Some social and political phenomena just don't pass the stupid test, and letting "transgender girls" - by which we mean, boys - compete on girls' high school athletic teams is one of those. Not only is it hideously unfair to the girls on those teams, but it deprives those girls of trophies, awards, accolades, and possibly scholarships that otherwise may have been theirs. What's more, some of these school districts are also shoehorning these boys into the girls' locker rooms, and telling the girls who express their shock that they'd better shut up and get over it.
Day by day, week by week, month by month, more athletes and more parents are speaking up. The pushback is growing, both from the grassroots level and from the federal level, with the Trump administration enforcing Title IX to stop this practice.
Enter Kendall Kotzmacher, a Minnesota athlete, who intended to take her high school girls' softball team to state championships, until they got shut out by an opposing team who put a "transgender girl" - a boy - on the pitcher's mound. Kendall's not happy about that, and she's making it known. Good for her.
Kendall Kotzmacher will never forget the day she stepped into the batter's box against Marissa Rothenberger.
It was a Minnesota state tournament semifinal. Kotzmacher and her White Bear Lake High School teammates were looking to go on a run to the state championship game. Kotzmacher had just transferred to White Bear Lake for her final year with the goal of winning a championship, alongside her little sister and teammate.
But Rothenberger, a trans athlete, was on the mound that day for their opponent, Champlin Park High School.

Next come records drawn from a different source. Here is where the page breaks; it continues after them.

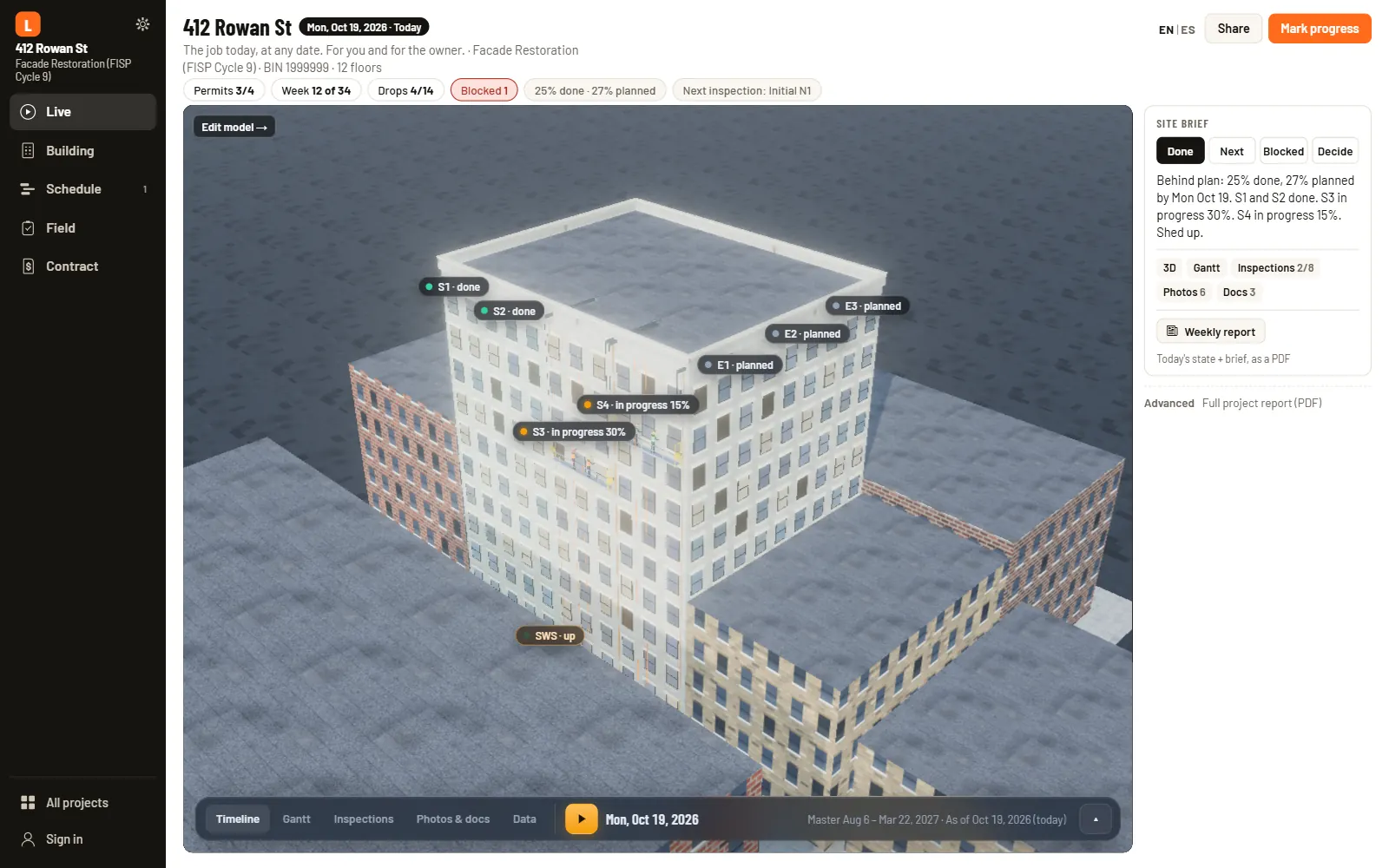 Live in the app: the sample job in 3D by day, with the site brief and the Weekly report button beside it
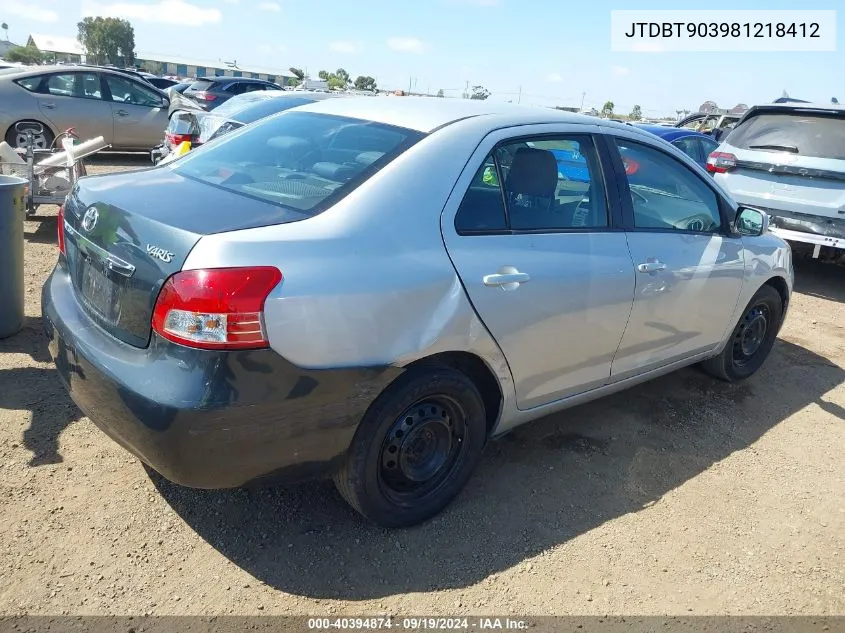 2008 Toyota Yaris VIN: JTDBT903981218412 Lot: 40394874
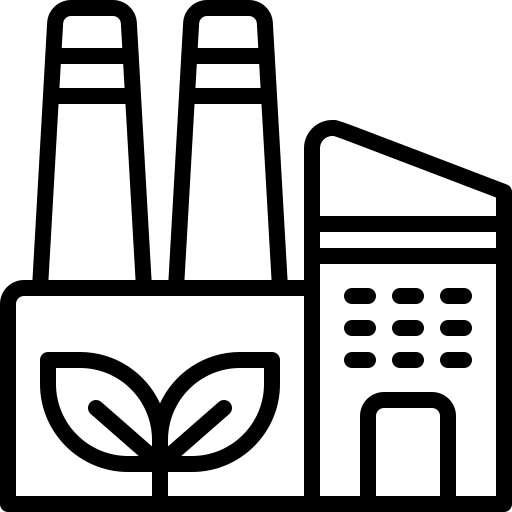 Eine schwarz-weiße Strichzeichnung einer Fabrik mit zwei hohen Schornsteinen, kleinen Fenstern und einer Pflanze mit zwei Blättern im Vordergrund, die auf ein umweltfreundliches Industriekonzept wie eine Medizinalcannabis- oder Cannabis-Apothekeneinrichtung hinweist.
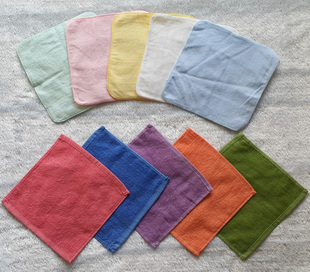 20x20cm外贸素色纯白彩色新疆长绒棉纯棉全棉幼儿园小方巾方毛巾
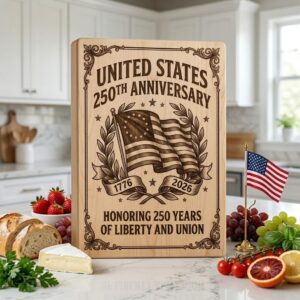 250th Anniversary Patriotic Chopping Board Engraving, American History Art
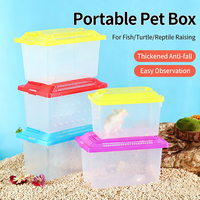 Boîte de transport transparente pour petits animaux, cage portable pour hamster et tortue, boîte de transport mini incassable pour l'élevage à domicile et en extérieur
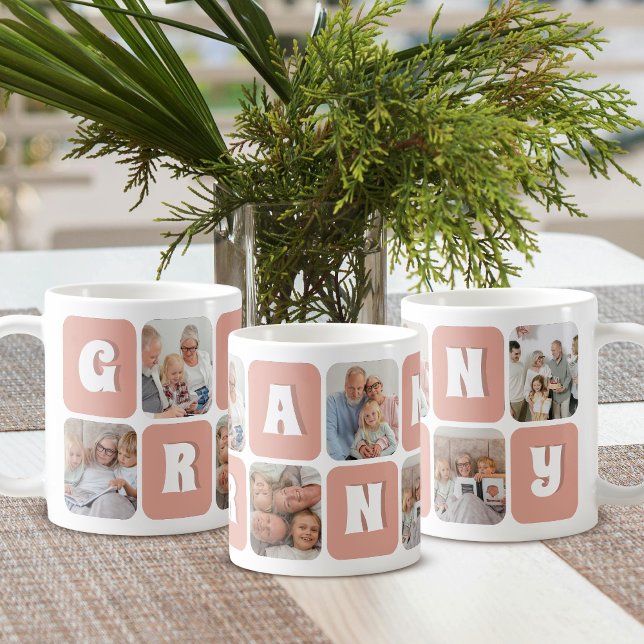 Caneca De Café Granny Photo Collage Retro Text 6 Picture Template (Criador carregado)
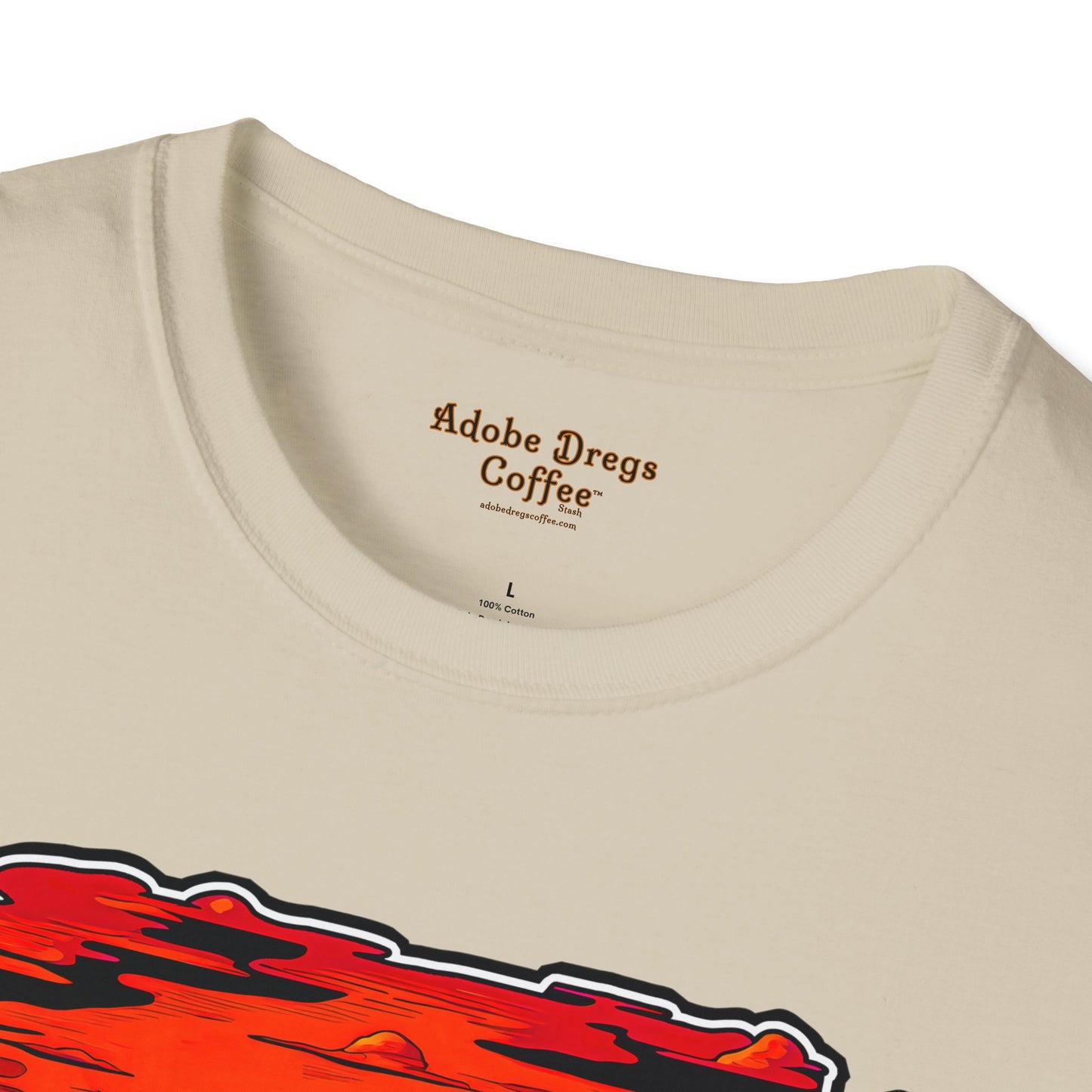 "Red Rock Road - Somewhere, Arizona" Unisex Softstyle T-Shirt from Adobe Dregs Coffee Stash™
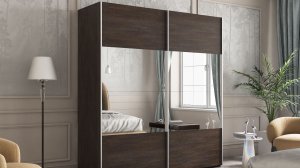 Обзор 2-х дверного шкафа-купе серии "Эста", Фасад: Венге Мали, Корпус: Венге Мали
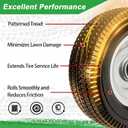 10" Solid Tire Replacement 4.10/3.50-4 Flat Free Tire and Wheel for Garden Carts, Hand Trucks, Wheelbarrows,10x3.50-4" with 5/8" Axle Bore & 2 1/4" Offset Hub (2 Pack)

Even Fox News gets that one key part wrong. Marissa Rothenberger isn't a "trans athlete." He is a boy. A male adolescent of the species Homo sapiens. He has all of the physical advantages that being a boy gives him over girls in the same age range: He is stronger, faster, with more endurance, more fast-twitch muscle fibers, and more upper-body strength--all advantages that make his presence on that field horrendously unfair.
Kendall Kotzmacher describes it in her own words:
"They're moving ten times more," Kotzmacher told Fox News Digital of Rothenberger's pitches.
"I have seen movement pitches, so when your hands are bigger than a biological female at that age, in Minnesota especially, you're spinning the ball ten times more. And I would actually say that this athlete wasn't on their best game that day, but even at half their best, they're still blowing it past us, spinning the ball more, making it so we can't hit."
Kotzmacher locked in enough to make some contact off Rothenberger that day. But Rothenberger held White Bear Lake to just two runs on seven hits. It was the most number of runs scored off Rothenberger in the entire postseason. But it wasn't enough, because in the last inning, Rothenberger came up to hit too.
After hitting a double to spark a two-run rally earlier that day, Rothenberger hit a double to lead-off the final inning, and set up a pinch-runner to win the game for Champlin Park.
"It was a half-swing. This athlete was not swinging to their full potential, and the ball was still hit extremely hard," Kotzmacher, who played catcher behind Rothenberger that day, said. "It was hard to call pitches, because it seemed like every pitch I called, this athlete could hit."
Kotzmacher's high school career ended right there. She will never get another chance to fulfill her childhood dream of winning a high school state championship. She fell into the arms of her little sister and began to sob.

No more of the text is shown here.